As we glance down the debit side of the day’s ledger, we should carefully examine our motives in each thought or act that appears to be wrong. In most cases our motives won’t be hard to see and understand. When prideful, angry, jealous, anxious, or fearful, we acted accordingly, and that was that. Here we need only recognize that we did act or think badly, try to visualize how we might have done better, and resolve with God’s help to carry these lessons over into tomorrow, make, of course, any amends still neglected.
I had another angry morning at work, and this happens way too often. I absolutely knew in the beginning, middle and at the end of it that I was angry, that I was wrong to be angry, and that I needed to get over my anger. I didn’t express it, because to do so would be to “let them see me sweat.”
My motive in that situation is often that my power and control is questioned or threatened. Should I be the director? Well, yes, that is my job. I am supposed to direct. My direction is pretty well guaranteed to make at least one person, probably more, unhappy every single day that I do it. I take that unhappiness too hard. I know that I deal with the hassle, the job and the unhappiness because it is for the greater good.
I really don’t do a daily inventory, formal or informal, I more try to define it in the moment. Either way, considering “each thought or act that appears to be wrong” seems like an impossibly tall order.

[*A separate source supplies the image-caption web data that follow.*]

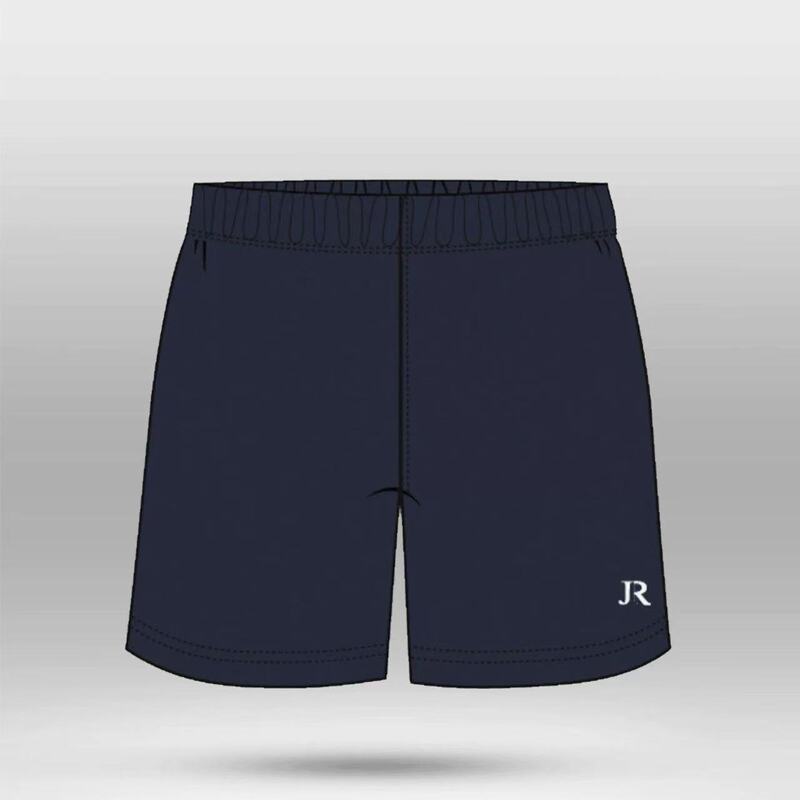 Dongguan Jiarong Foreign Language School Primary, Middle, and High School Boys and Girls Autumn and Winter Blue Short-Sleeved T-Shirt Pe Sports School Uniform Pants Set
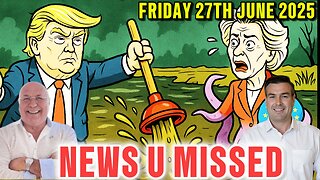 CHARLIE WARD DAILY NEWS WITH CHARLIE WARD & PAUL BROOKER FRIDAY 27TH JUNE 2025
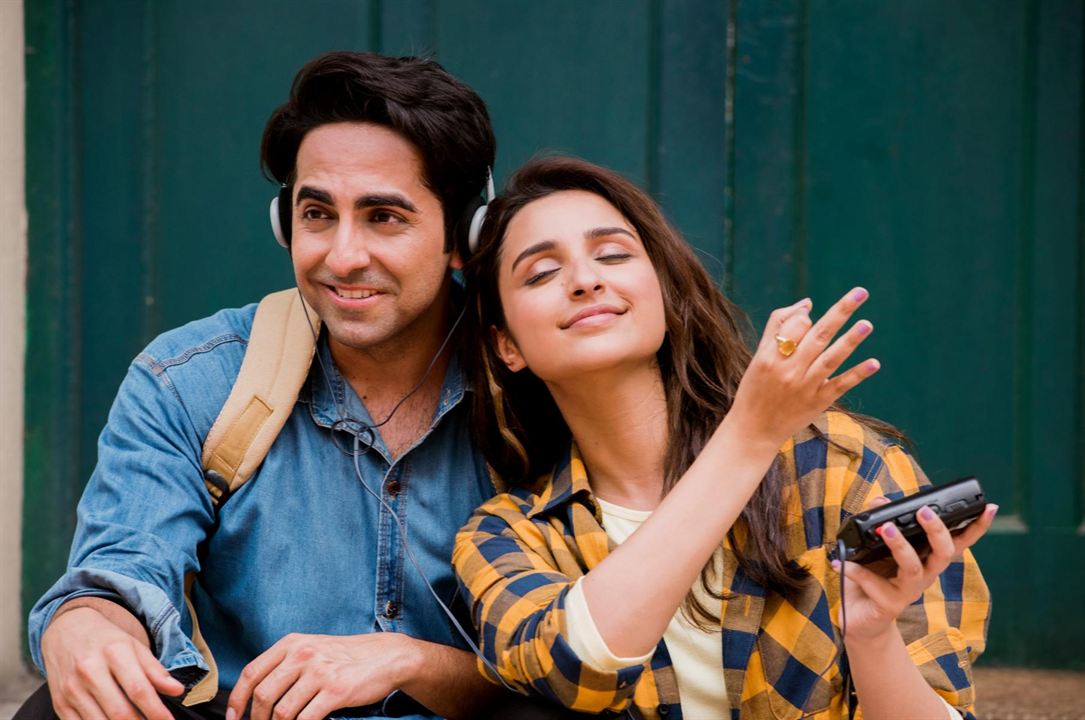 Fotoğraf Ayushmann Khurrana, Parineeti Chopra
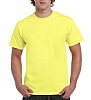 Camiseta Heavy Hombre Gildan - Color Amarillo maiz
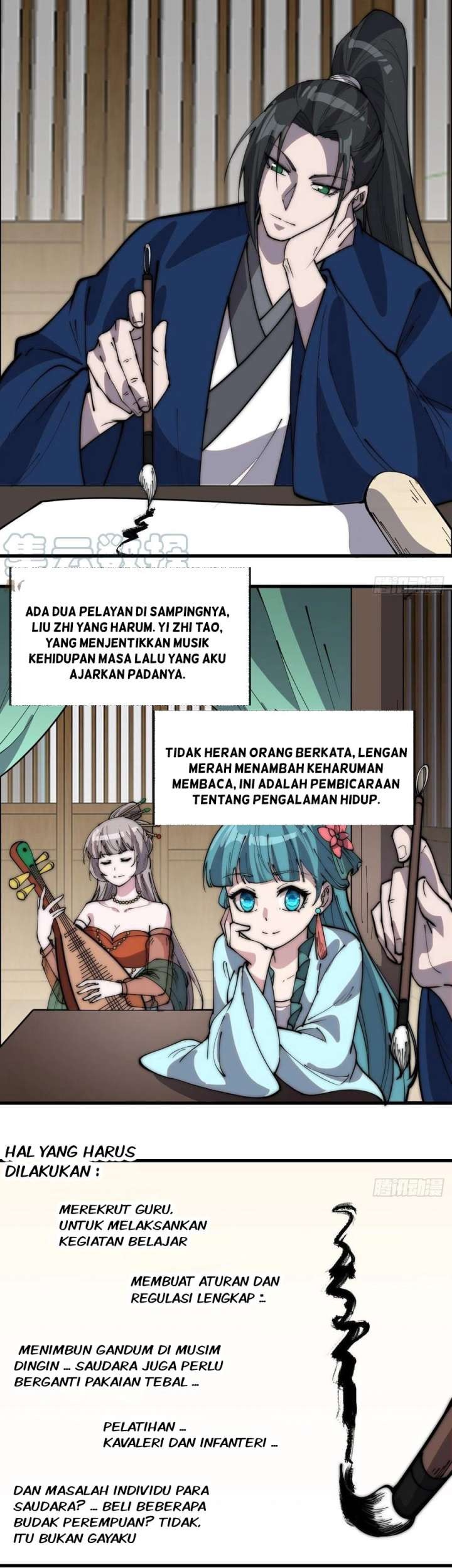 It Starts With A Mountain Chapter 326 Gambar 11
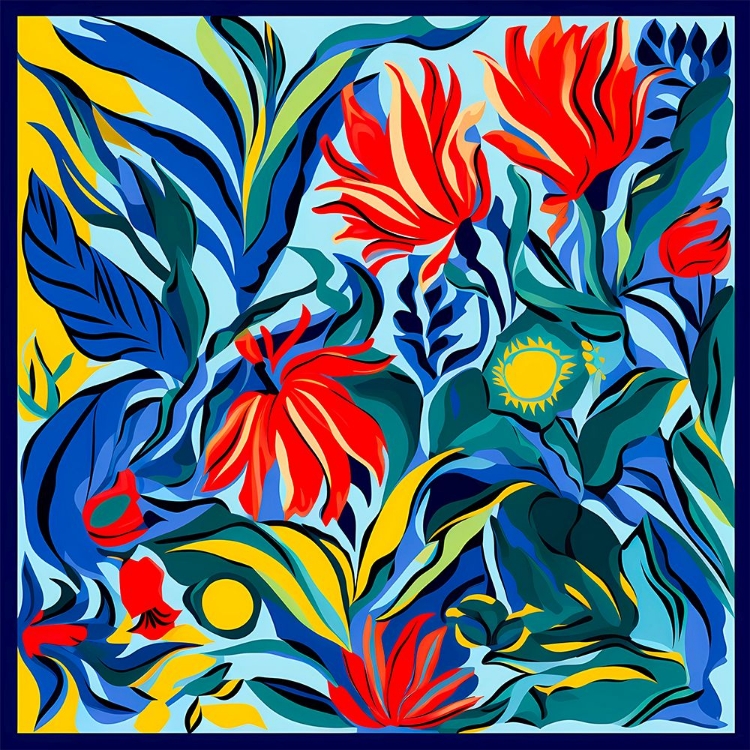 Picture of FLORAL MOTIF DESIGN X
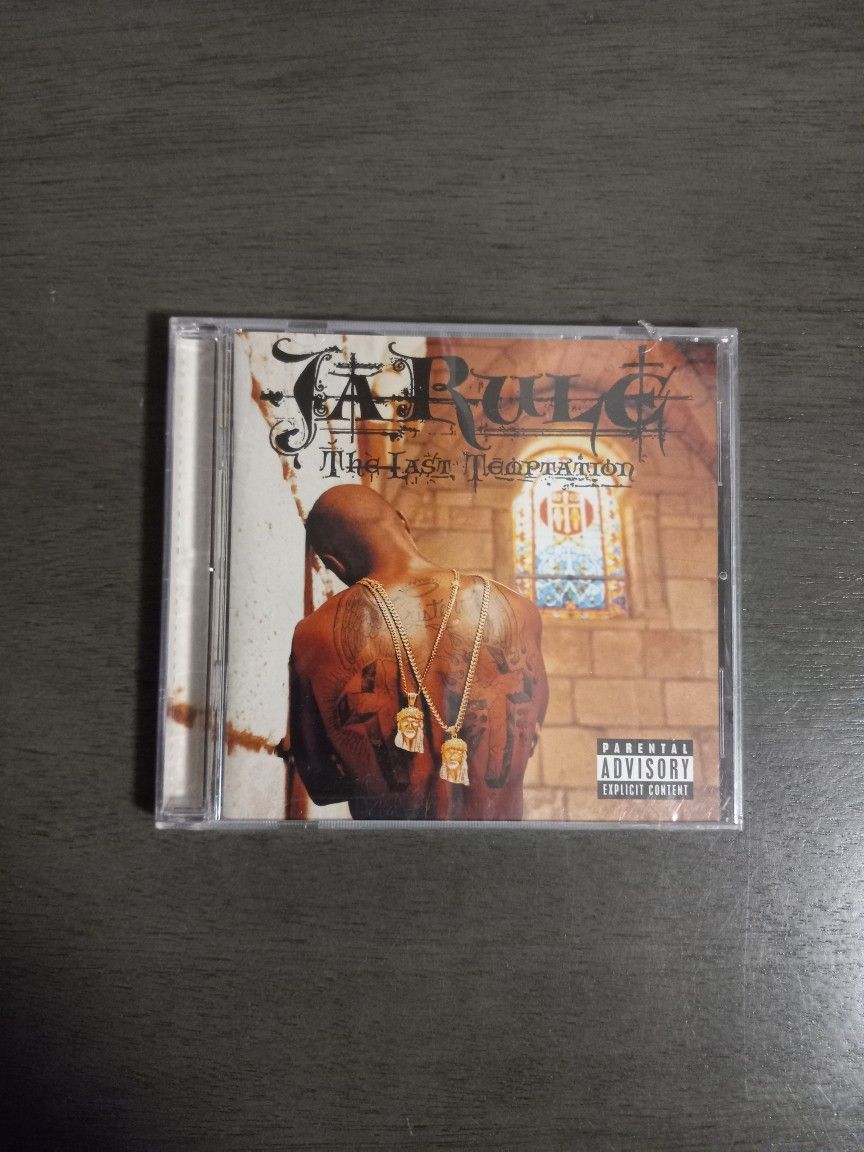 2002 Ja Rule The Last Temptation Cd New Sealed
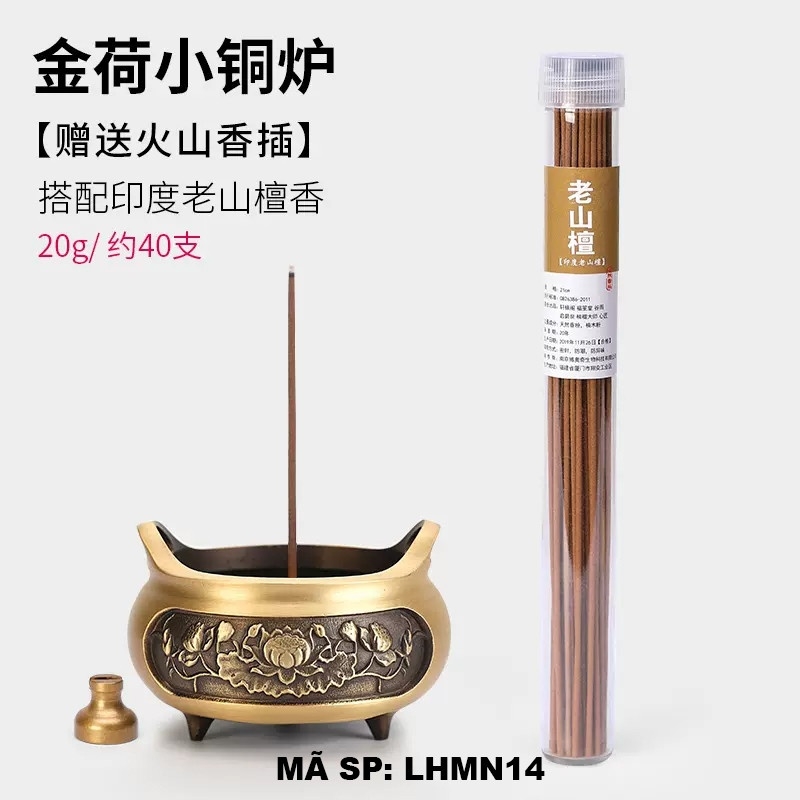 Lư trầm hương LHMN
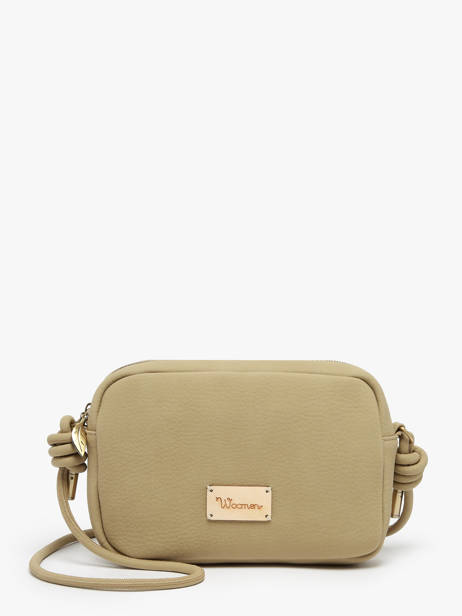 Sac Bandoulière M Muscari Woomen Vert muscari WMUS12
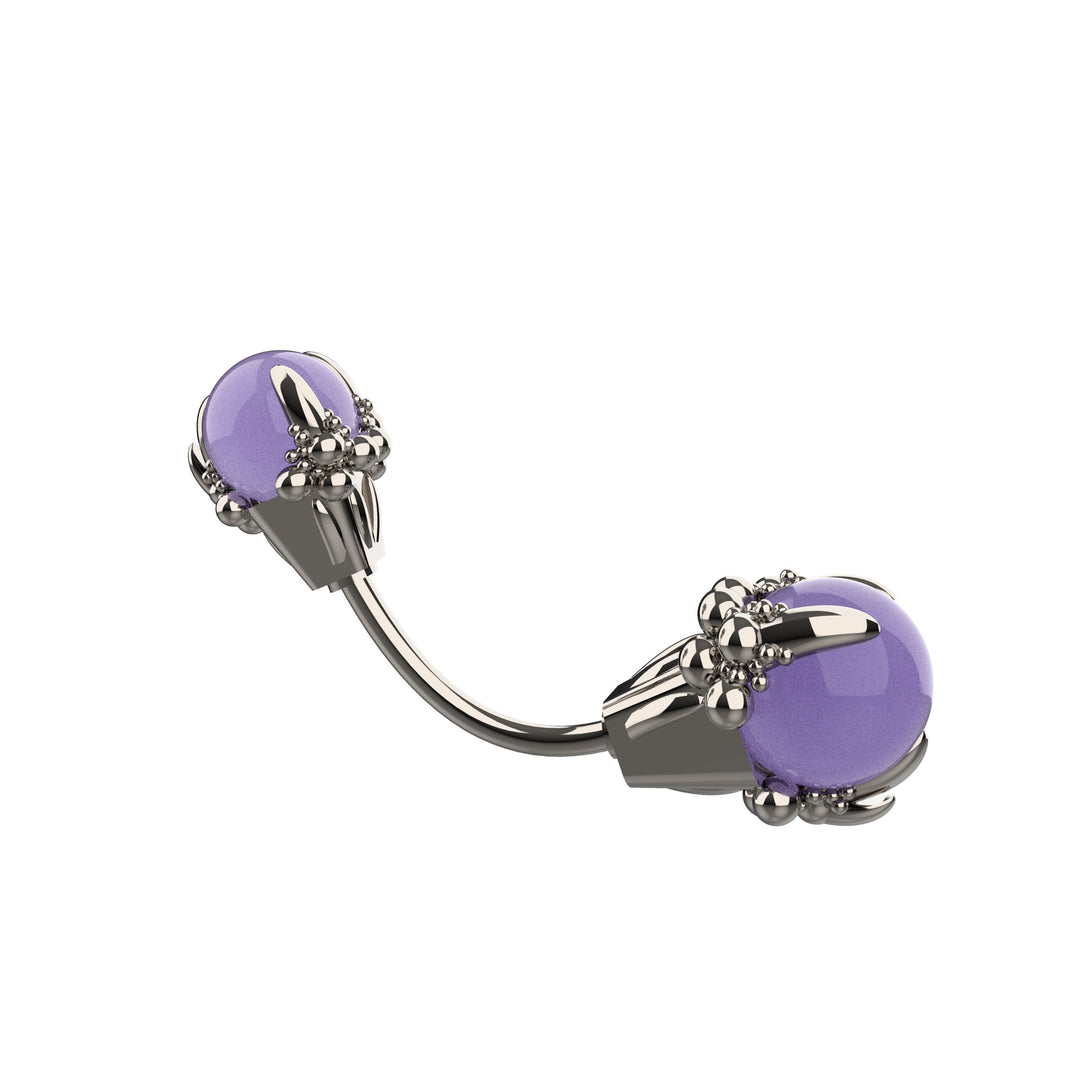Small belly ring – dainty navel piercing jewelry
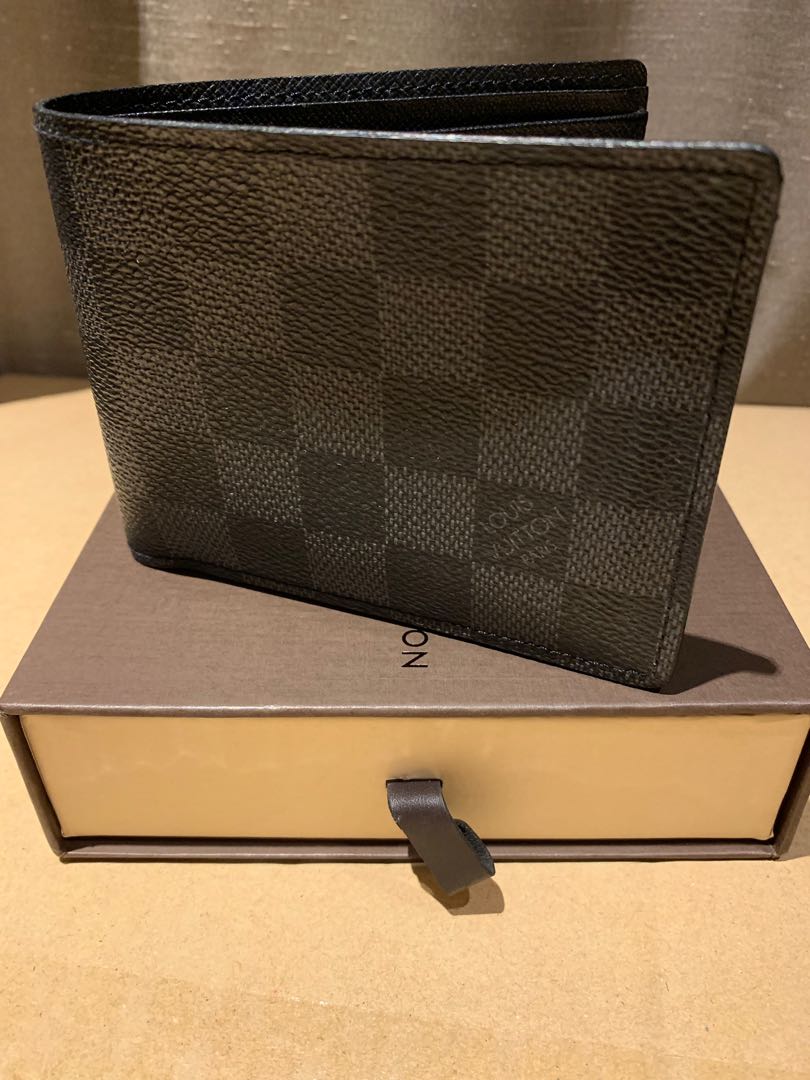 Louis Vuitton Multiple Taïgarama Wallet w/ Tags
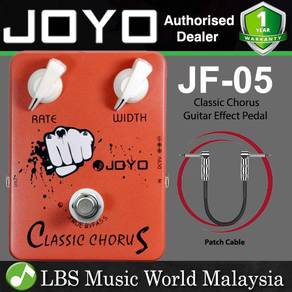 Joyo JF-05 Classic Chorus Crisp and Transparent Fu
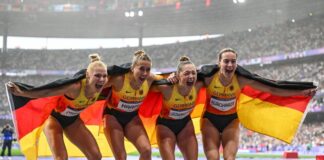 Auch die Starterinnen der Bronze-Staffel über 4x100 Meter werden in Berlin dabei sein.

Trying to visualize how I might have done better is also difficult. I try to call to mind someone who did my job or my type of job very well, and I wonder how that person would have reacted to what I’m going through. The person I’m left thinking about was really only my second supervisor in the string of six, and although she did most things very very well, there were employees who didn’t like her either, and who reacted badly to her direction each and every day.